> _Work task_: Exactly the lines below from the line with "Detailed close-up of" through the line with "A group of young" must make up the answer, both ends included and pictures left out.

═══ Data records

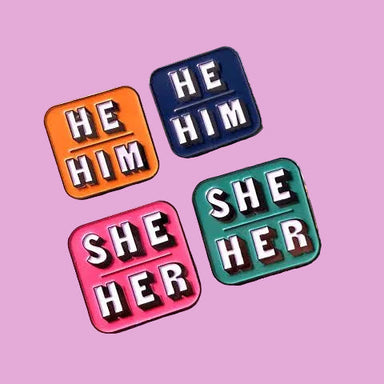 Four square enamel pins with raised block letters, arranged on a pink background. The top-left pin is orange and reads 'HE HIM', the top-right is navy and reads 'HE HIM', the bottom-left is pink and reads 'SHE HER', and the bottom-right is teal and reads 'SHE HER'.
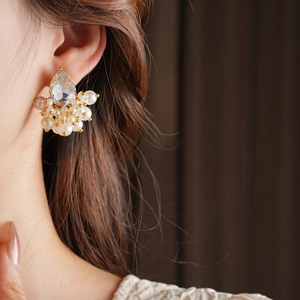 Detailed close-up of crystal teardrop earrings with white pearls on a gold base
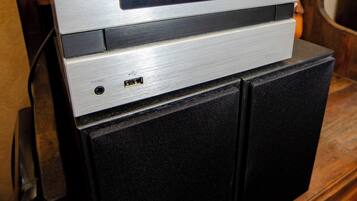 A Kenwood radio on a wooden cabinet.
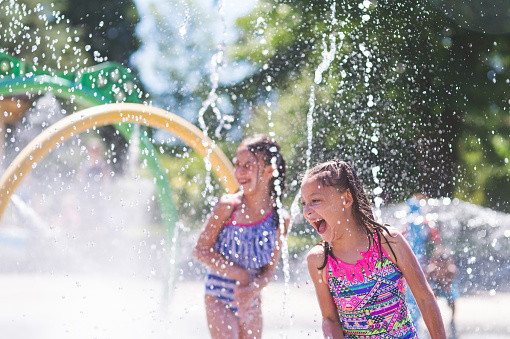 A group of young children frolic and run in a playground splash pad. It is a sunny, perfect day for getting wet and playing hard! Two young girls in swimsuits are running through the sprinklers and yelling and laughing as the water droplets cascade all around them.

══════
═══ Data records

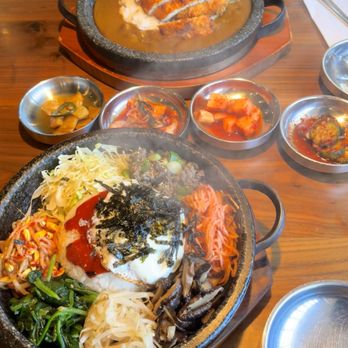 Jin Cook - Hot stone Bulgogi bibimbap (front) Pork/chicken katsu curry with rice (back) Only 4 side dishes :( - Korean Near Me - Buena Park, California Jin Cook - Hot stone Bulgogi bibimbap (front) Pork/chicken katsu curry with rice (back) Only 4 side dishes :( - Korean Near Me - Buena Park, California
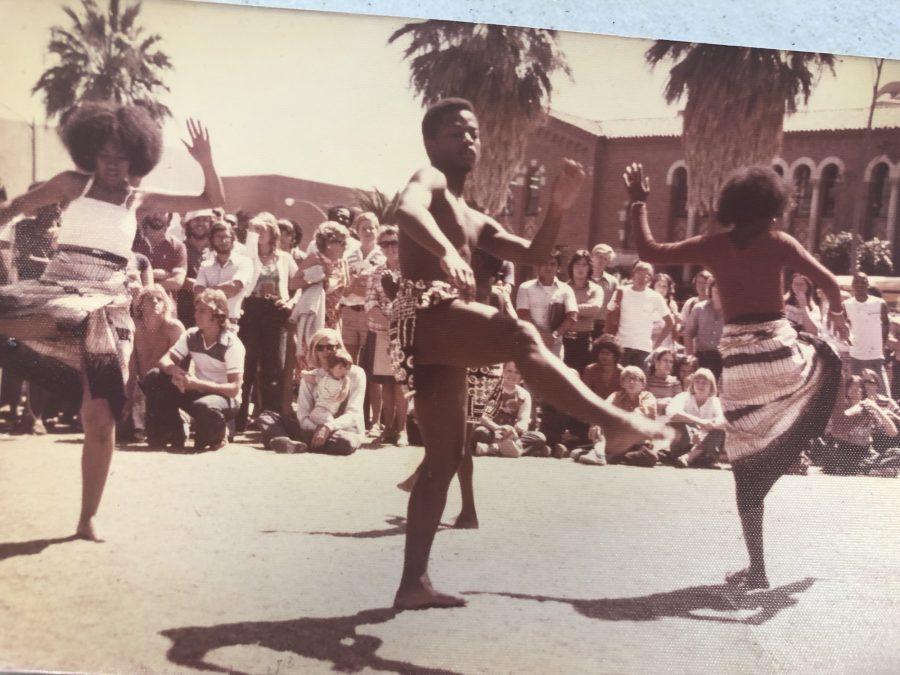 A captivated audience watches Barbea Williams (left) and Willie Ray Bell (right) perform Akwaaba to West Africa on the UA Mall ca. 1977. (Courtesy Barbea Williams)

══════

> _Answer box_:
 Detailed close-up of crystal teardrop earrings with white pearls on a gold base
 A Kenwood radio on a wooden cabinet.
 A group of young children frolic and run in a playground splash pad. It is a sunny, perfect day for getting wet and playing hard! Two young girls in swimsuits are running through the sprinklers and yelling and laughing as the water droplets cascade all around them.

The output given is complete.